By Jake Coyle, Film Writer
NEW YORK (AP) --With a touch of Barbara Stanwyck, a sumptuous Art Deco office and a deadly shade of crimson lipstick, Cate Blanchett plays a femme fatale in Guillermo del Toro's "Nightmare Alley" with cunning embrace and subversion of the film noir archetype.
If "Nightmare Alley" is del Toro's lushly composed love letter to noir, the movie's pulpy heart is in Blanchett's conniving psychiatrist Lilith Ritter. She doesn't enter the film until halfway through, when Bradley Cooper's carnival huckster, Stan, catches her eye in his nightclub mind-reading act, and the two begin scheming together. But when she does turn up, Blanchett shifts the film's fable-like frequency, conjuring deeper shades of mystery from the movie's rich tapestry of shadow and fate.

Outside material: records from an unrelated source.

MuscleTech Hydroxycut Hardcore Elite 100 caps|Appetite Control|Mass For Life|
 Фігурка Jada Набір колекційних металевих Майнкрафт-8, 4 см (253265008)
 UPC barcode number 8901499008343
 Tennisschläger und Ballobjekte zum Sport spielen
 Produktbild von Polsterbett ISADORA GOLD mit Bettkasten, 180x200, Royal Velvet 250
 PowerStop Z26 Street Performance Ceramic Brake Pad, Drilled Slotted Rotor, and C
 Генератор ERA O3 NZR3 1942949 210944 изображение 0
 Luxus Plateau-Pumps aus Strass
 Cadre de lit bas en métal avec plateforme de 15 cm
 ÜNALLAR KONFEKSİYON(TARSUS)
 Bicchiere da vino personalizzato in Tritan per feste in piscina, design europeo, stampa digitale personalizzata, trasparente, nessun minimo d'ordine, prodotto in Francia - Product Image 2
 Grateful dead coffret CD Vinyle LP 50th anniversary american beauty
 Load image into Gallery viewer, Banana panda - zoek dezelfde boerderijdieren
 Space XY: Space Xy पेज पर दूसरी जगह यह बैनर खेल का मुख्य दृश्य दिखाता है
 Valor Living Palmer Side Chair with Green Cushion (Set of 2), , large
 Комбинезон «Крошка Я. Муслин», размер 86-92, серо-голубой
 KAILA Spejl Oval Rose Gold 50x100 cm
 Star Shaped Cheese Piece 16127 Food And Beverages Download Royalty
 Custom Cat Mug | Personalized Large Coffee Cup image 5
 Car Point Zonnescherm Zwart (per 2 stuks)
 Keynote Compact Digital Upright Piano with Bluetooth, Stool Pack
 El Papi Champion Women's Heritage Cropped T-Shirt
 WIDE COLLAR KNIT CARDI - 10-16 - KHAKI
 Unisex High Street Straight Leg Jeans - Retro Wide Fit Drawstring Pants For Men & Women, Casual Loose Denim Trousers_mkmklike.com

"We tailored the part for her, but she fit in those clothes on the first try," says del Toro.
In period films like "Carol," "The Good German" and "The Aviator," Blanchett has often evoked a classical kind of mid-century movie stardom. But in "Nightmare Alley," an adaptation of the '40s novel first made into Edmund Golding's well-regarded 1947 film (currently streaming on the Criterion Channel), Blanchett slides into one of the movies' most iconic types by trading less on her character's seductiveness than on her razor-sharp intellect.
"What I thought was timely and dangerous about this story was it's an exploration of the truth," Blanchett said in an interview from Brighton, England. "Playing such a deliberately mysterious and ambiguous character I found really challenging because you have to know there's a lot going on, but you're never invited into exactly what she's thinking."
It's one of two roles this December for Blanchett that revolve centrally around American deception and disinformation. There's "Nightmare Alley," currently in theaters, and Adam McKay's "Don't Look Up," which arrives Friday on Netflix. In the latter, she plays a TV morning news anchor who cheerfully steers the news away from an impending asteroid doomsday and toward lighter subjects — like the sex appeal of Leonardo DiCaprio's scientist.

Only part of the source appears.